Data under study:
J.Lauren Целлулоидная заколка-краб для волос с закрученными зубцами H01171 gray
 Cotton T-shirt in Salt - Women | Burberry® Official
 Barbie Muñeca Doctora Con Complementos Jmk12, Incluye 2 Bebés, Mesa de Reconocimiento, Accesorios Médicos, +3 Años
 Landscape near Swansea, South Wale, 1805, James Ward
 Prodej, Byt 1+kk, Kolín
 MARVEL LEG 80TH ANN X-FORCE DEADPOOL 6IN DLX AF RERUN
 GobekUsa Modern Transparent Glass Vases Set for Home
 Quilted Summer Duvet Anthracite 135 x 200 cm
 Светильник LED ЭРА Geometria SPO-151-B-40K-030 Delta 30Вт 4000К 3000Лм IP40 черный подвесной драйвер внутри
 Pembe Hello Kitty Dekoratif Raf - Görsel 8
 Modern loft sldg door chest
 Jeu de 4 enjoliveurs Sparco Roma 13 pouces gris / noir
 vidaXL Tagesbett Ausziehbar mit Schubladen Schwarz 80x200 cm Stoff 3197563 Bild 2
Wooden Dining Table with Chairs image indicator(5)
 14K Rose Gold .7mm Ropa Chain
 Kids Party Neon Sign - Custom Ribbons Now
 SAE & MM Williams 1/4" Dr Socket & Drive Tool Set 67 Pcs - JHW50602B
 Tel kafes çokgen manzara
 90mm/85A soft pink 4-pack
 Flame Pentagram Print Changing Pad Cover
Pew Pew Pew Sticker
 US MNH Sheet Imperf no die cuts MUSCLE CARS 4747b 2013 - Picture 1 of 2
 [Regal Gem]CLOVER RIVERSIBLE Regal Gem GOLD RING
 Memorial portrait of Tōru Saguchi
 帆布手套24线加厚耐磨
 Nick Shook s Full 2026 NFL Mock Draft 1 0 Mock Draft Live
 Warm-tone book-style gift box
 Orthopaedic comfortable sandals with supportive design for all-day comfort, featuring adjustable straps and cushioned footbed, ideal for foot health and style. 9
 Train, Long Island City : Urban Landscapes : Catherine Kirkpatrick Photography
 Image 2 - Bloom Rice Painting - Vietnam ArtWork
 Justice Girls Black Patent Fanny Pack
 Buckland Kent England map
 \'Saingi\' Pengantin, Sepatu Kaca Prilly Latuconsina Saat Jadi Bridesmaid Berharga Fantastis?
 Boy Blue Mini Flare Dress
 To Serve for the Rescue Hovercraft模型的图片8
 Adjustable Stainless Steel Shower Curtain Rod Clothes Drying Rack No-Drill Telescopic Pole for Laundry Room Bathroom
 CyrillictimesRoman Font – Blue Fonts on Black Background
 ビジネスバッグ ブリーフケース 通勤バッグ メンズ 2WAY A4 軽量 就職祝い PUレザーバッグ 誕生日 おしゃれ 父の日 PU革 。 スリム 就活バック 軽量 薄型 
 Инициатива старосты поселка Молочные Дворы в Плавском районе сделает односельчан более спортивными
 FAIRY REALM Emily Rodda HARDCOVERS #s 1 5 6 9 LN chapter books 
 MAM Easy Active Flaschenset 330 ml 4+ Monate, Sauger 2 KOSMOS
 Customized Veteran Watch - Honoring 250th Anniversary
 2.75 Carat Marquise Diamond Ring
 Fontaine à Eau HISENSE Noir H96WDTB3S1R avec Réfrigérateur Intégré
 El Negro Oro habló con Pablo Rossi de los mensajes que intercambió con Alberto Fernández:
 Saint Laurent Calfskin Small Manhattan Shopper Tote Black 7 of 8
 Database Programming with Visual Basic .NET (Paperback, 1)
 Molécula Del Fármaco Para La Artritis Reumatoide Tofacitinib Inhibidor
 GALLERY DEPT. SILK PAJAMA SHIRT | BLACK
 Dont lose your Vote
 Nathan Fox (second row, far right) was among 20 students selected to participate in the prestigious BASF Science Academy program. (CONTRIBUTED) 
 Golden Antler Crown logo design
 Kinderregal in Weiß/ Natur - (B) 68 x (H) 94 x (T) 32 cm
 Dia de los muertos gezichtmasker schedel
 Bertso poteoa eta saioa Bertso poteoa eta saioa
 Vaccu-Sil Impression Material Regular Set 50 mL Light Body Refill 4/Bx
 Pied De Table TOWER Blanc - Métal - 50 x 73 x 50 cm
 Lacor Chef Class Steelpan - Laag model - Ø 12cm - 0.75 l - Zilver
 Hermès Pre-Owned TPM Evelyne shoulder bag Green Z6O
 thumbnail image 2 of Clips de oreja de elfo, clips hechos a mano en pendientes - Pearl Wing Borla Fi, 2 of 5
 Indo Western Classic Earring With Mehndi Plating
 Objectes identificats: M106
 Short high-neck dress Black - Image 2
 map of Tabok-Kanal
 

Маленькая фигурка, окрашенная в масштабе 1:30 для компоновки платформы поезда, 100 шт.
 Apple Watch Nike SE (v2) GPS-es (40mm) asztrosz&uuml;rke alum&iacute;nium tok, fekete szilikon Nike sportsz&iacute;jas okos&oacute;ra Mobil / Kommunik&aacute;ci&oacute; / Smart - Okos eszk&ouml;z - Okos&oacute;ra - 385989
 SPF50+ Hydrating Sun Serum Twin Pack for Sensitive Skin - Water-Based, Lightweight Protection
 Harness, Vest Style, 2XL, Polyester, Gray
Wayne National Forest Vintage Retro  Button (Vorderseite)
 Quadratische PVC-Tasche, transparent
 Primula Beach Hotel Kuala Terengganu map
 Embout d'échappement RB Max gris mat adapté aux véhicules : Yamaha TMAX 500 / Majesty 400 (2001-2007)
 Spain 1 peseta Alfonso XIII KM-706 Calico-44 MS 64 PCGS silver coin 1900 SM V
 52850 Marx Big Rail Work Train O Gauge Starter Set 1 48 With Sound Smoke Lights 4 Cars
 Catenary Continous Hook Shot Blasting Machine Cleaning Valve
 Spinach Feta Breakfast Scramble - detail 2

What is expected:
Everything from the line with "Spain 1 peseta" down to the last line of the data above should be returned exactly, with both ends kept and nothing added.

Output for this task:
 Spain 1 peseta Alfonso XIII KM-706 Calico-44 MS 64 PCGS silver coin 1900 SM V
 52850 Marx Big Rail Work Train O Gauge Starter Set 1 48 With Sound Smoke Lights 4 Cars
 Catenary Continous Hook Shot Blasting Machine Cleaning Valve
 Spinach Feta Breakfast Scramble - detail 2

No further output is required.